How to complete this task:
Using only the entries below, copy exactly the lines that begin at the one with "Power bank RABS P118990D biały" and end at the one with "Spot encastr� �", both included. Drop the pictures.

Records for this exercise:
════
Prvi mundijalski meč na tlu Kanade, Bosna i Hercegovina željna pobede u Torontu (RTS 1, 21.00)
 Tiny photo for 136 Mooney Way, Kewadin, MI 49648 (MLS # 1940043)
════
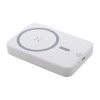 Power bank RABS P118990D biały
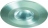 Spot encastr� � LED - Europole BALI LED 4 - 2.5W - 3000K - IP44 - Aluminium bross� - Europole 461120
════
Task result:
 Power bank RABS P118990D biały
 Spot encastr� � LED - Europole BALI LED 4 - 2.5W - 3000K - IP44 - Aluminium bross� - Europole 461120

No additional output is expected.